5.1.6. À data da apresentação do pedido de pronúncia arbitral que deu origem ao processo em apreço, estavam a pagamento os documentos de cobrança correspondentes à segunda prestação, que se venceram no final do mês de Julho de 2016, sendo ainda vincendos os documentos de cobrança correspondentes à terceira prestação, que se venceram no final do mês de Novembro de 2016.
5.2. FACTOS QUE NÃO SE CONSIDERAM PROVADOS
Não existem factos com relevo para a decisão que não tenham sido dados como provados.
6. O DIREITO
6.1. DA INCOMPETÊNCIA DO TRIBUNAL ARBITRAL
E DA INIMPUGNABILIDADE DOS ACTOS DE LIQUIDAÇÃO
Pese embora a AT autonomizar as excepções invocadas, verifica-se que os factos invocados para fundamentar uma e outra são os mesmos, pelo que serão aqui simultaneamente apreciadas.
Assim,
A AT fundamenta a sua pretensão, no que à excepção de incompetência do tribunal arbitral diz respeito, no facto de não ter sido impugnado um acto tributário, mas antes o pagamento de uma prestação de Imposto do Selo consubstanciadas nas respectivas notas de cobrança.
O objecto de processo corresponde, assim, segundo a AT, não à anulação de um acto tributário, mas sim de uma mera nota de cobrança.
Ora, na óptica da AT, esta matéria não se subsume no âmbito de competência dos tribunais arbitrais tributários, prevista no artigo 2.º do RJAT, extravasando, assim, o objecto do pedido de pronúncia arbitral o âmbito de competência do tribunal arbitral.
Vejamos.
Estabelece a alínea a) do n.º 1 do artigo 2.º do RJAT que os tribunais arbitrais são competentes para apreciar as pretensões de declaração de ilegalidade de actos de liquidação de tributos, de autoliquidação, de retenção na fonte e de pagamento por conta.
Já no que respeita à vinculação da AT à jurisdição dos tribunais arbitrais, dispõe o n.º 1 do artigo 4.º do RJAT que esta depende de portaria dos membros do Governo responsáveis pelas áreas das finanças e da justiça.
Nesta medida, a competência da instância arbitral encontra-se, assim, delimitada, pela portaria de vinculação da AT à jurisdição do Centro de Arbitragem Administrativa (CAAD). [2]
De acordo com o disposto no artigo 2.º da referida portaria, a Direcção-Geral dos Impostos e a Direcção-Geral das Alfândegas e dos Impostos Especiais sobre o Consumo (actualmente, AT) vinculam-se à jurisdição dos tribunais arbitrais que funcionam no CAAD que tenham por objecto a apreciação das pretensões relativas a impostos cuja administração lhes esteja cometida, nos termos do n.º 1 do artigo 2.º do RJAT, nas quais expressamente se incluem as pretensões de declaração de ilegalidade de actos de liquidação de tributos, de autoliquidação, de retenção na fonte e de pagamento por conta.

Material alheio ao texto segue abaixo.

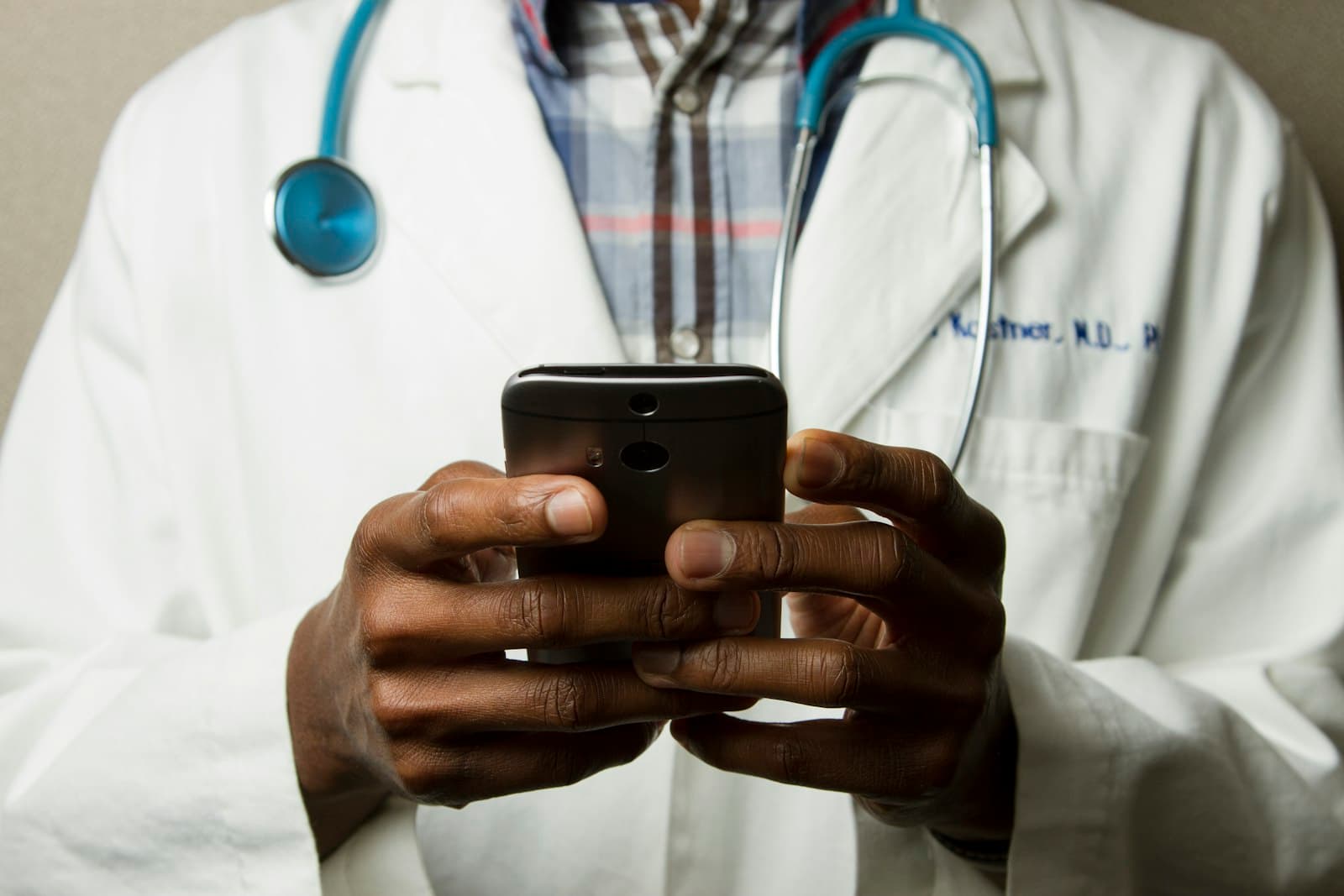 Doctor checking a patient's thyroid area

Conclui-se, assim, que o processo arbitral tributário tem por objecto, mediato ou imediato, o acto tributário de liquidação, enquanto acto de determinação do quantitativo do imposto a pagar (colecta), por aplicação de uma taxa à matéria colectável.

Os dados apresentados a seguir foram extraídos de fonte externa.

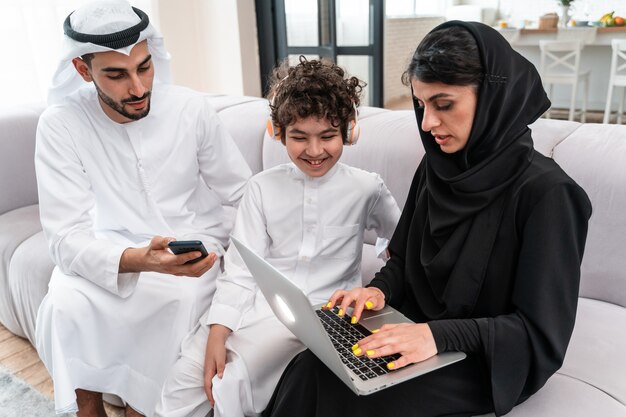 Glückliche Familie, die Zeit zusammen verbringt. Arabische Eltern und ihr Sohn spielen und machen verschiedene Aktivitäten zu Hause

Ora, a apreciação das excepções suscitadas depende, por isso, da questão de saber se a Requerente impugna o acto de liquidação de Imposto do Selo ou se, pelo contrário, se limita a impugnar cada uma das prestações de Imposto do Selo de per si.
Prosseguindo.
Nos casos em que o imposto deva ser pago em prestações, a liquidação é notificada ao sujeito passivo conjuntamente com a notificação para pagamento de cada uma das prestações, apenas podendo ser impugnada na sua totalidade e não prestação a prestação. [3]
A este respeito, sustenta José Casalta Nabais que “A liquidação lato sensu, ou seja, enquanto conjunto de todas as operações destinadas a apurar o montante do imposto, compreende: 1) O lançamento subjectivo destinado a determinar ou identificar o contribuinte ou sujeito passivo da relação jurídico-fiscal, 2) O lançamento objectivo através do qual se determina a matéria colectável ou tributável do imposto e, bem assim, se determina a taxa a aplicar, no caso de pluralidade de taxas, 3) A liquidação stricto sensu traduzida na determinação da colecta através da aplicação da taxa à matéria colectável ou tributável, e 4) as (eventuais) deduções à colecta.”. [4]

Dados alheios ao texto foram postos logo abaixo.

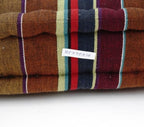 Floor cushion styled view from Myyra Jaipur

Para cada facto tributário haverá, em princípio, uma única liquidação, pela qual se determinará a colecta a pagar.
Dispõe, ainda, o n.º 7 do artigo 23.º do Código do Imposto do Selo que “tratando-se do imposto devido pelas situações previstas na verba nº 28 da Tabela Geral, o imposto é liquidado anualmente (…) aplicando-se, com as necessárias adaptações, as regras contidas no CIMI”.
No mesmo sentido, estabelece o n.º 5 do artigo 44.º do Código do Imposto do Selo que “havendo lugar a liquidação do imposto a que se refere a verba n.º 28 da Tabela Geral, o imposto é pago nos prazos, termos e condições definidos no artigo 120.º do CIMI”.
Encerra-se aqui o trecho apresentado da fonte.